We were there plenty early to look at the warm ups. At one point, the entire UM team was on the east half of the field, lined up in rows across the filed, a row on each 5 yard line division, doing calisthenics. As they did that, I saw Coach Coker go up and down each line, shaking each player's hand and speaking to him. He took his time with that task and often had a short conversation with a player. Is this the usual sort of thing for a coach to do? It seemed to fit the idea I have of Larry Cocker - a fine Christian gentleman.
Alcohol consumption has always been an issue. I remember at one point no beer was sold at UM games, and it was controversial when they began doing so. The policy was not to sell any after the first half. As we went into the stadium, I noticed booths where they were selling not beer, but wrist bands that would entitle you to a bottle (plastic bottles it turns out). You could buy and have affixed to your wrist, two wristbands - for two bottles. I don't know how they keep track of people who, after using their wrist bands, go back and buy two more at a different booth, but at least they are trying to dampen the problem. And it looked to me like they were pretty successful. I saw people whose boisterousness seemed to be assisted by the hop, but I didn't see anyone who was fall-down drunk or mean and obnoxious.
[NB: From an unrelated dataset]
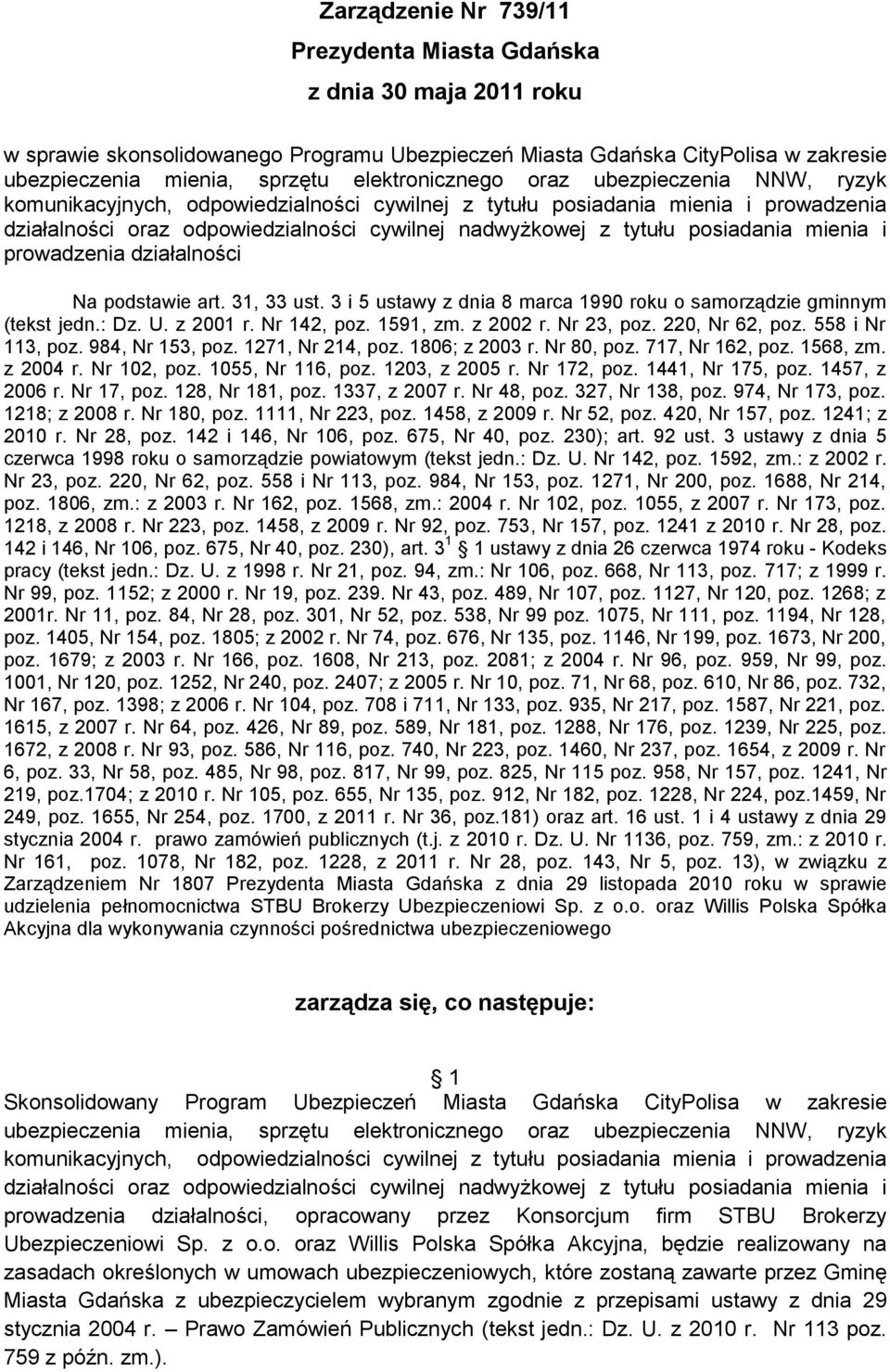 posiadania mienia i prowadzenia działalności Na podstawie art. 31, 33 ust. 3 i 5 ustawy z dnia 8 marca 1990 roku o samorządzie gminnym (tekst jedn.: Dz. U. z 2001 r. Nr 142, poz. 1591, zm. z 2002 r.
Speaking of food and beer sales, I saw no vendors going up and down the aisles selling anything, not beer, not food - nothing. I saw people go and bring back stuff (awful stuff) to eat and drink - but no "beer guys" or those sorts of people. Maybe they were there and I didn't see them.
The fans were half the show, and I had forgotten how much fun it was just to look at people. 'Canes football in Miami really brings the community together, in all its amazing homogenizing diversity.
The game itself was a lot of fun. UVA had a good team - quick and crafty, with a smart and talented quarterback, and I thought they played with more intensity at times than did UM. The 'Canes did well to win, and the final score did not do justice to the Cavalier effort. I would say that, finally, the 'Canes were the better team, but not all that much. And UVA could have beaten them.
We parked in some public parking lots, north across the Miami River from where the Orange Bowl is located. These are lots at the "Government Center" where reside the state courts and other state buildings. The lots are opened and managed for the 'Canes games, and there were some tail-gate parties under way as we rolled in. We drove through a group of tail-gaters who wore orange shirts, and I thought they were UM fans. There was a guy playing a trumpet and the tune I did not get at first. When we got out of our car, I recognized the tune: "I'm a Ramblin' Wreck from Georgia Tech . . . ". These people were UVA fans! They were rubbing in that unfortunate loss to the Yellow Jackets.
Fortunately, no one but the Stokes family in Dade County has any idea what that tune meant, because Georgia Tech is as familiar as the Czech national ice hockey team. So I am sure those folks got out alive.